Has anyone here used one of the Pressure testing plates that one of the vendors sells. Part # T3000-X Any idea if the rubber coating holds up on them? If you do not want to post here, PM me. I am looking to get one. Thanks, Dan
Dan a lower cost way is to just use a 1/4" thick sheet of rubber type material. Punch out the bolt holes and use the head to hold on. The plate for the gauge and hose connection can be made out of 3/16 plate material and mounted to the water inlet.
We have one at the shop made for Model A's, it's been in use for a number of years.
You are only working with a few LBs of air anyway. For looking for cracks in the cylinders, turn the block on it's top or side.
No one here has one of these?
What is a "pressure testing plate"? Are we talking about a compression guage for testing cylinder compression?
O.K.....I'm just a little bit more "dense" than usual this morning I guess. In re-reading and considering Mark's post, it sounds like a device to pressure test the engine block for water jacket cracks and such in the engine block,....sorry,.....harold
I made my own
Here is link to the tool in question.
Andy: I was wondering how the rubber coating would hold up on these. What do you use to seal the plate? Did you put cut outs for the valves like this one? Thanks, Dan
I have one for A's and one for T's. I use both extensively and will never have another block magnafluxed. I have had blocks checked with magnaflux that showed cracks that turned out to be scratches under pressure. If a block don't show a leak at 40# pressure it won't leak.

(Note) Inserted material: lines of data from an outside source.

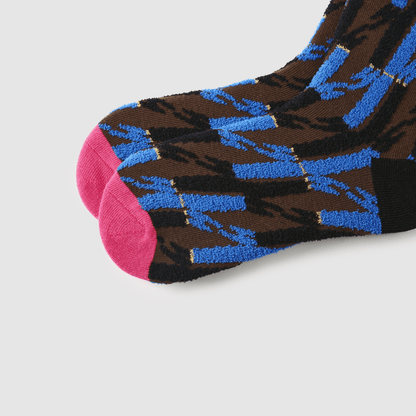 Renaissance Socks Crew Socks 35-39 Midnight Houndstooth Wooly Socks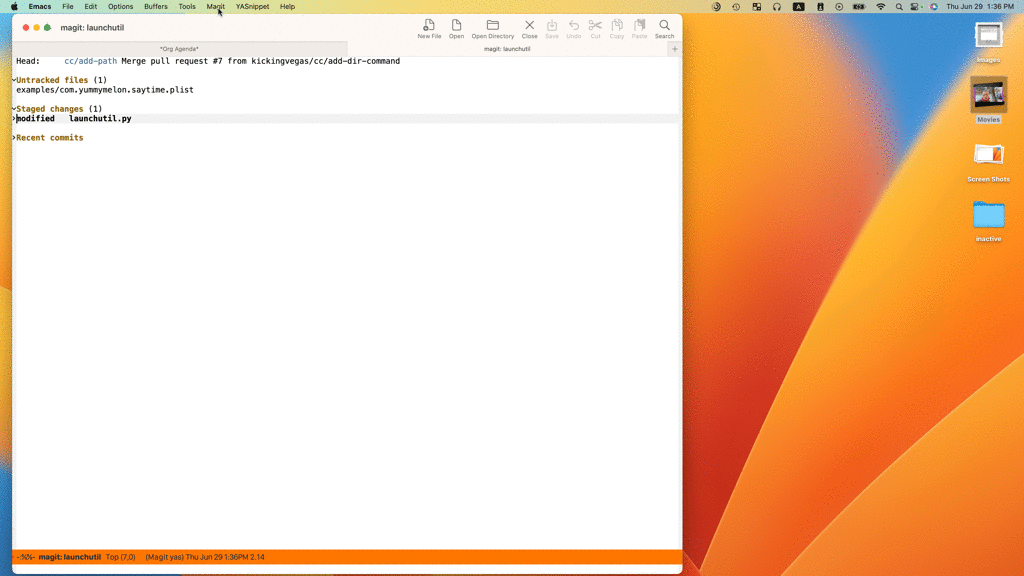 Commiting changes in Magit with a mouse.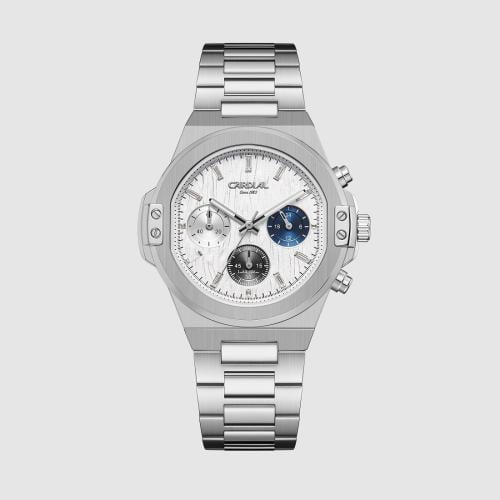 Cardial Men's Watch 254018 اللون:(فضي مينا كحلي)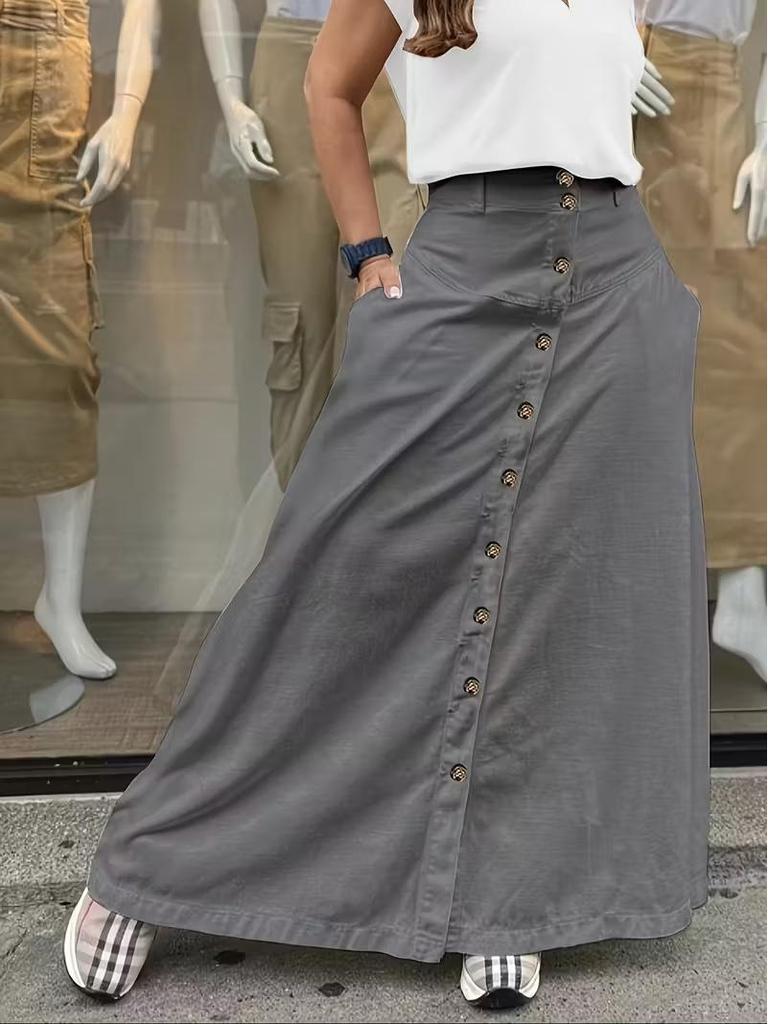 Women's Elegant High-Waisted A-line Skirt with Buttoned Front Slit and Pockets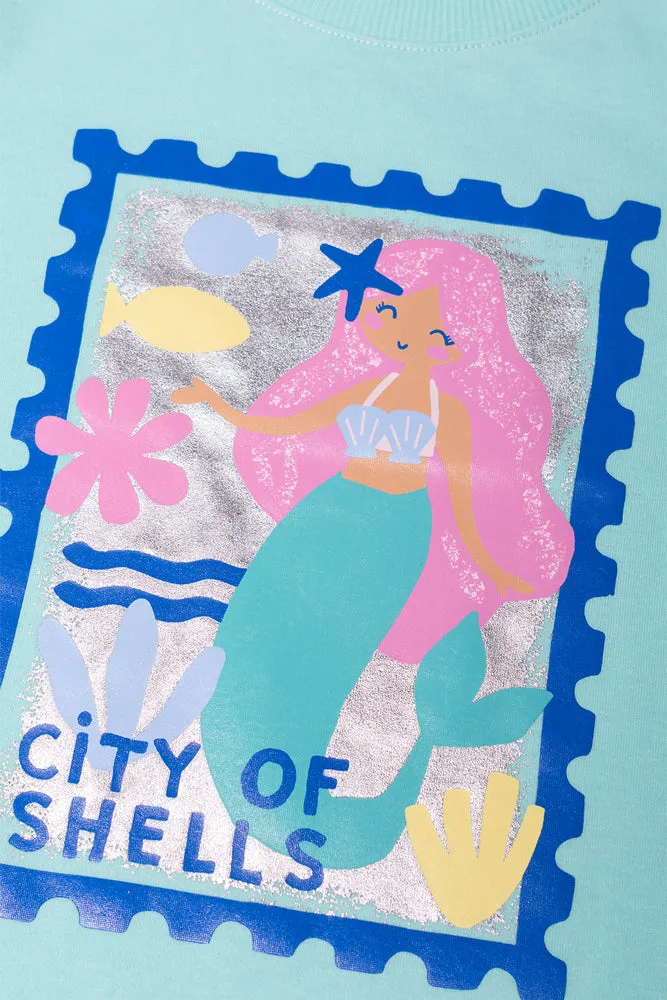 Mermaid Short Sleeve T-Shirt Blue sold by Ackermas product image thumbnail 2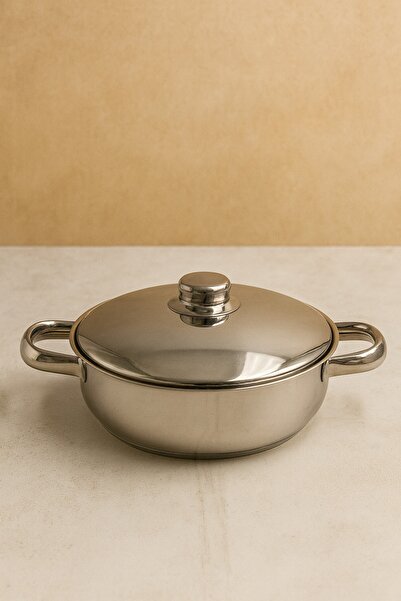KAMPANYALI Gülsan 26 cm Stainless Steel Flat Pot |   Wide Base Steel Pot |
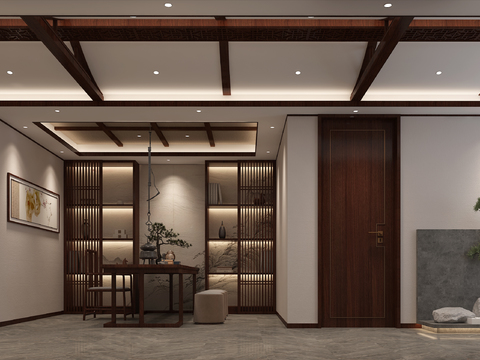  新中式茶室 茶楼会所3d模型 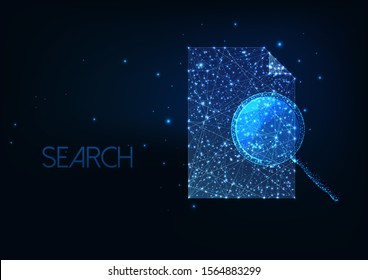 Futuristic document search, paperwork concept with glowing low polygonal magnifying glass and paper document isolated on dark blue background. Modern wire frame mesh design vector illustration.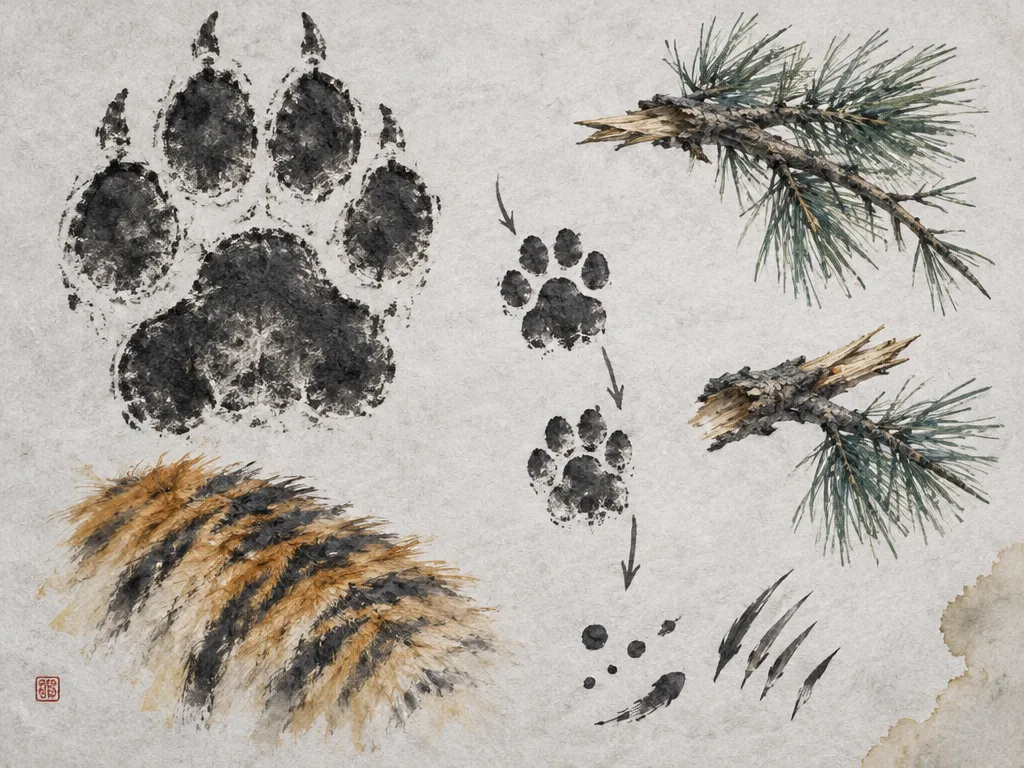 Sketsa tinta tapak harimau, ranting patah, dan seberkas bulu bergaris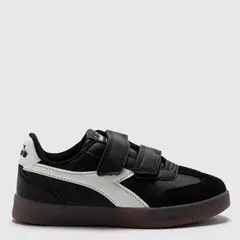 DIADORA - Tenis moda Bamtelon K Niño con Velcro Negros Horma Justa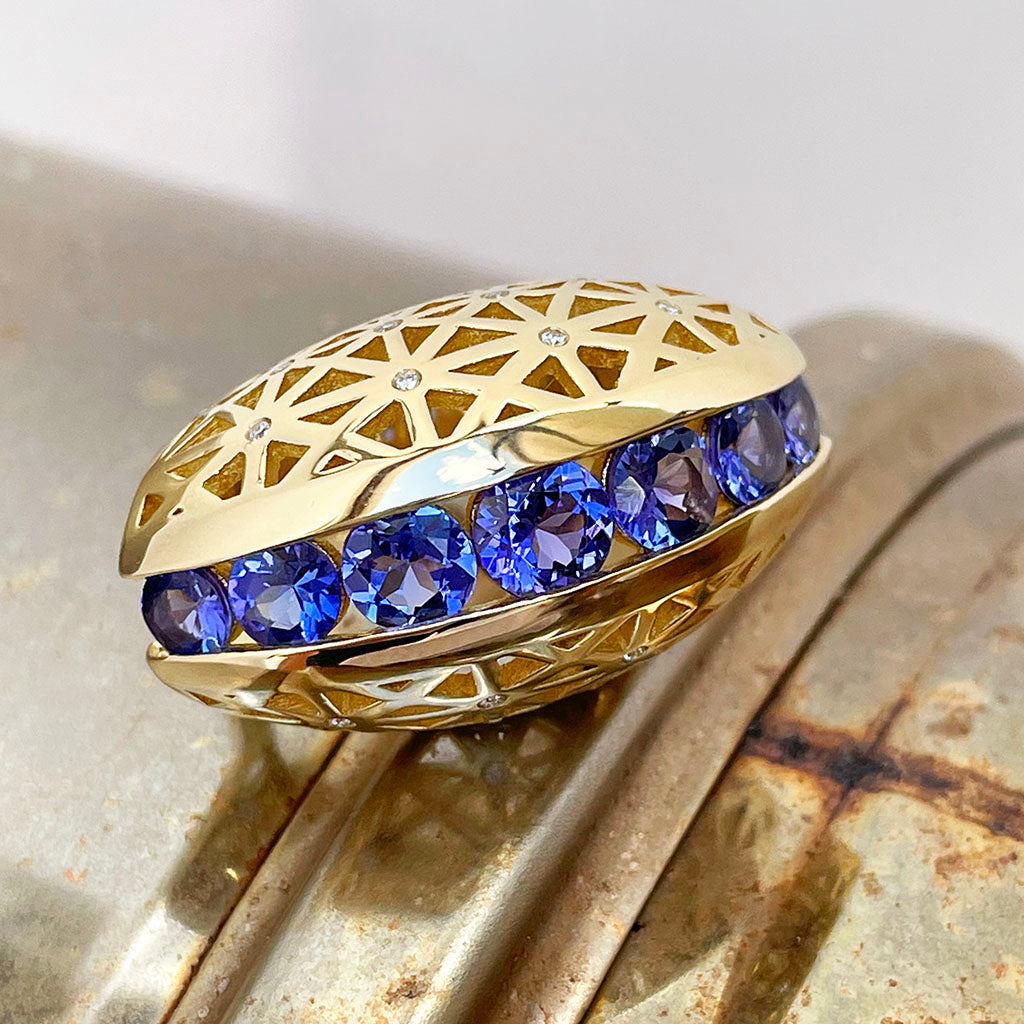 African Tanzanite and Diamond Yellow Gold ring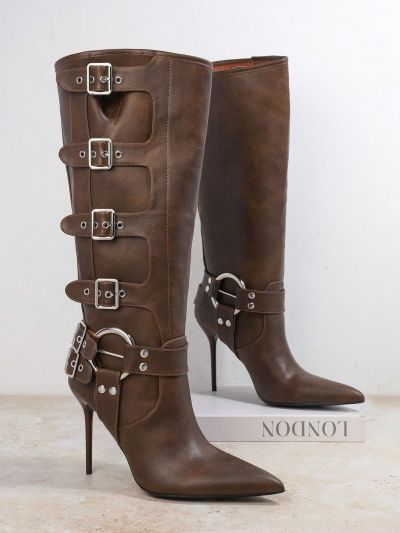 Women'S High Heel Mid-Calf Boots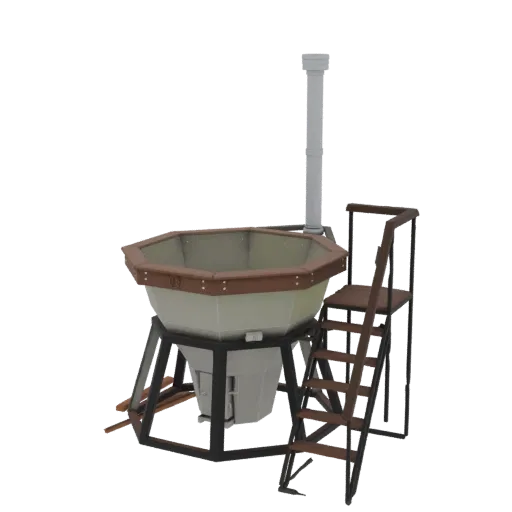 3D model of an octagonal industrial hot tub with a wooden rim, metal ladder, and chimney, set against a black background.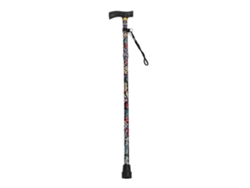 Bastón plegable con estampado floral y empuñadura en T, ideal para personas mayores que necesitan movilidad en exteriores.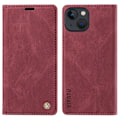 Miniatyrbild 1 av 5: Skin-touch case för Iphone 15 Plus Pu läder plånboksställ Cover Wine Red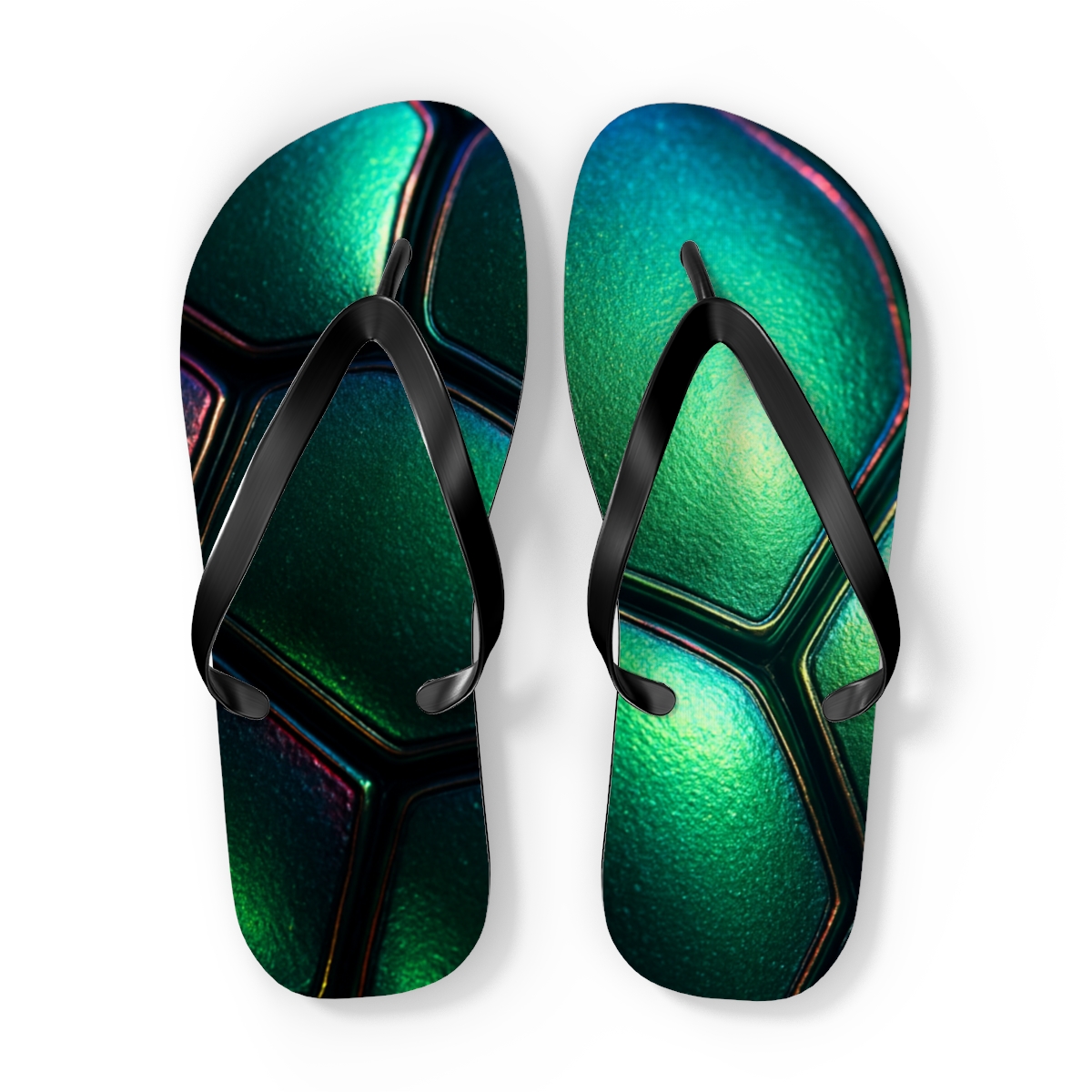 Prismatic Beetle Carapace Circuit colorful rubber flip flops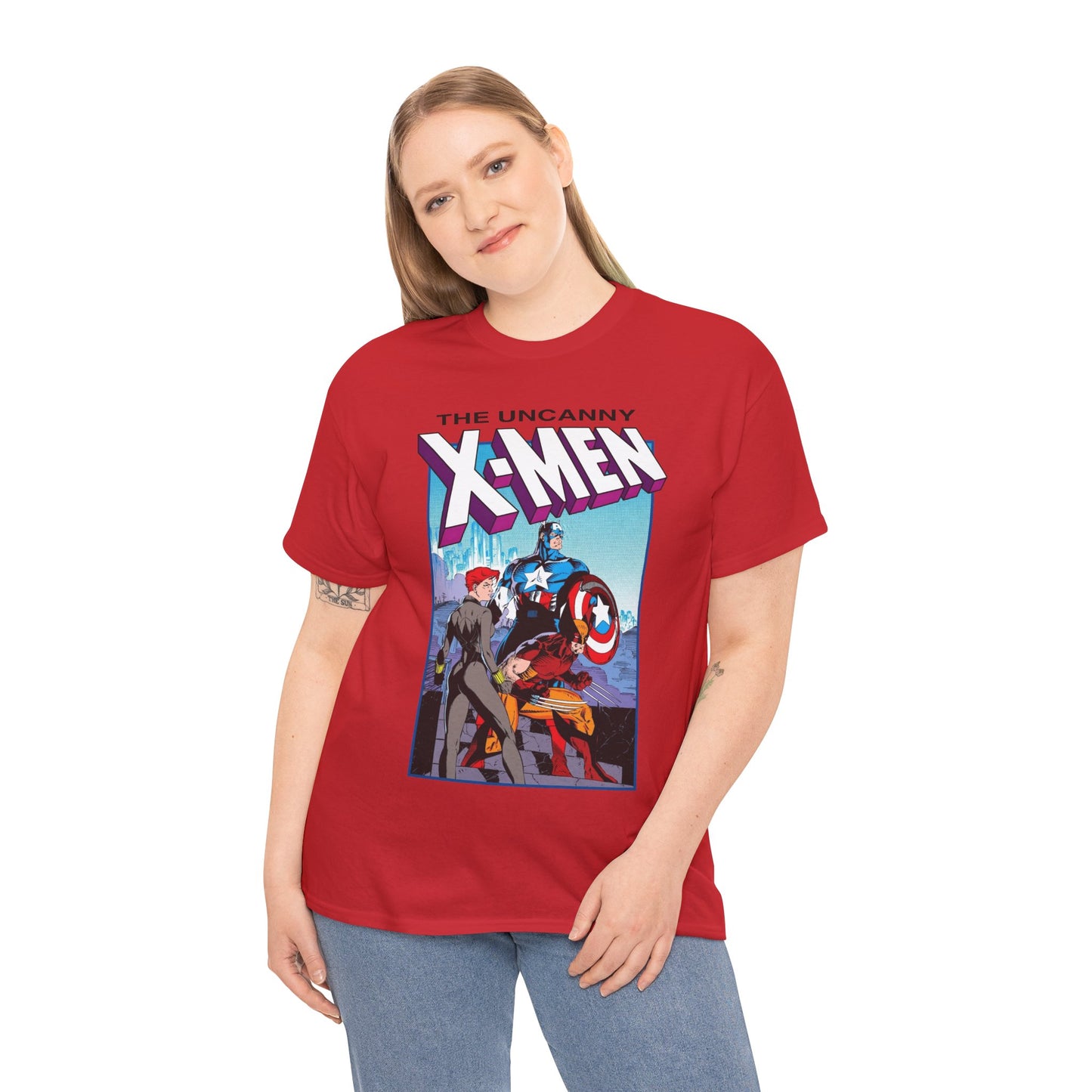 Uncanny X-Men T-Shirt - Jim Lee Art - #268 Cover - Captain America, Black Widow, Wolverine - Marvel Comics
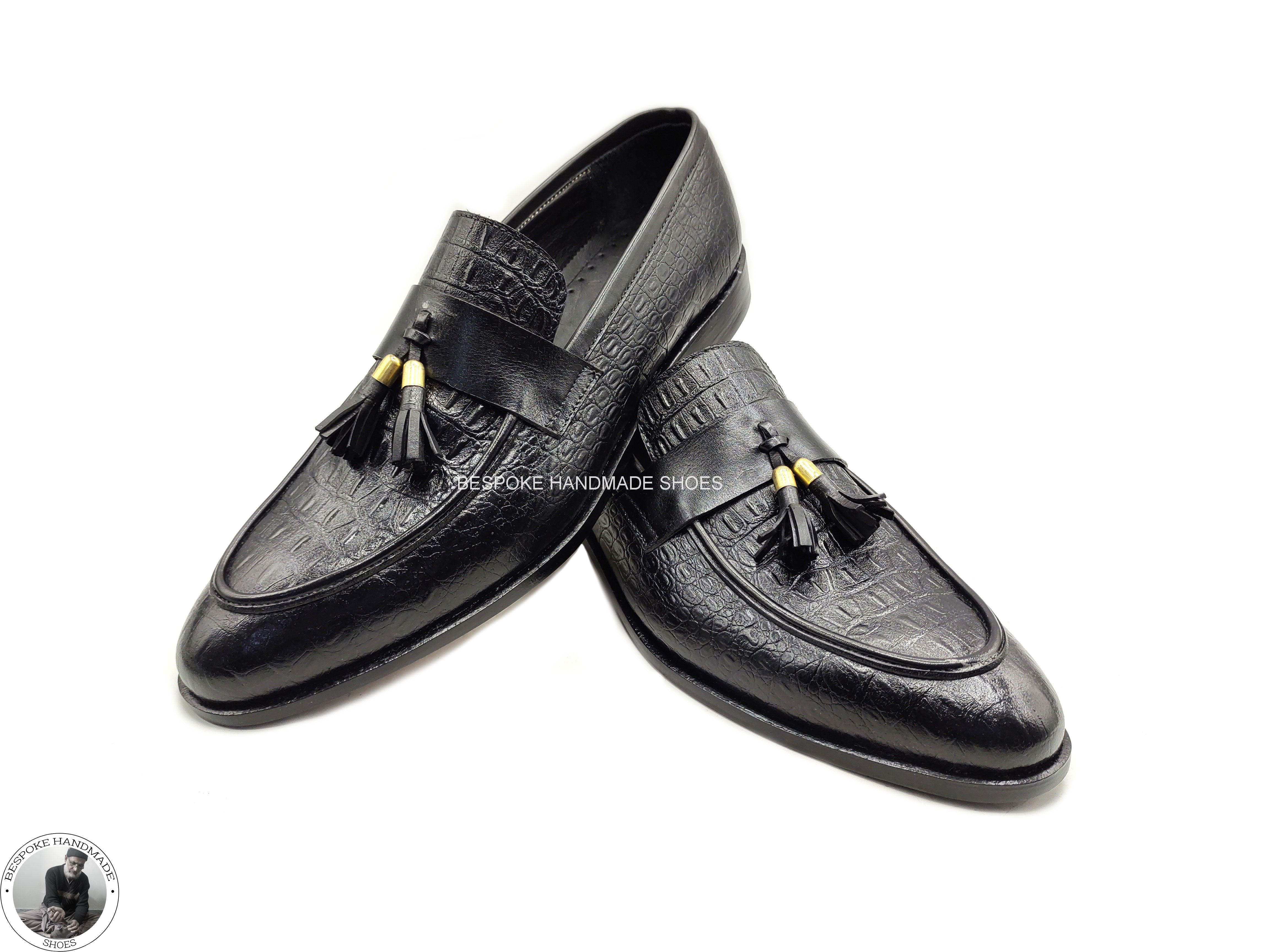 Handmade Genuine Black Pure Leather Alligator Print Loafer Moccasin Slip on Leather Tassels Fashion Shoes For Men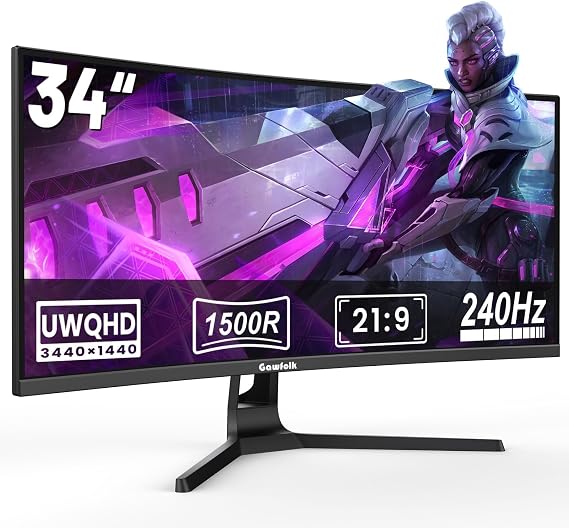 Gawfolk Gaming Curved Monitor 34 Inch 240 Hz 1500R Ultrawide PC Screen UWQHD 3440 x 1440P Adaptive Sync Curved Computer Screen Displayport HDMI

I also use mine with a vaccuum pump to make small repairs on blocks that have small exterior cracks.
I have cutouts for the valves and pistons, but I generally just have a bare block anyways. I use a head gasket. I don't know how much air I use, don't have a gauge in line. Too much will pop the frost plugs. I pressurize it and spray the block down with soapy water and look for any bubbles, hasn't failed me in last 12 or so rebuilds.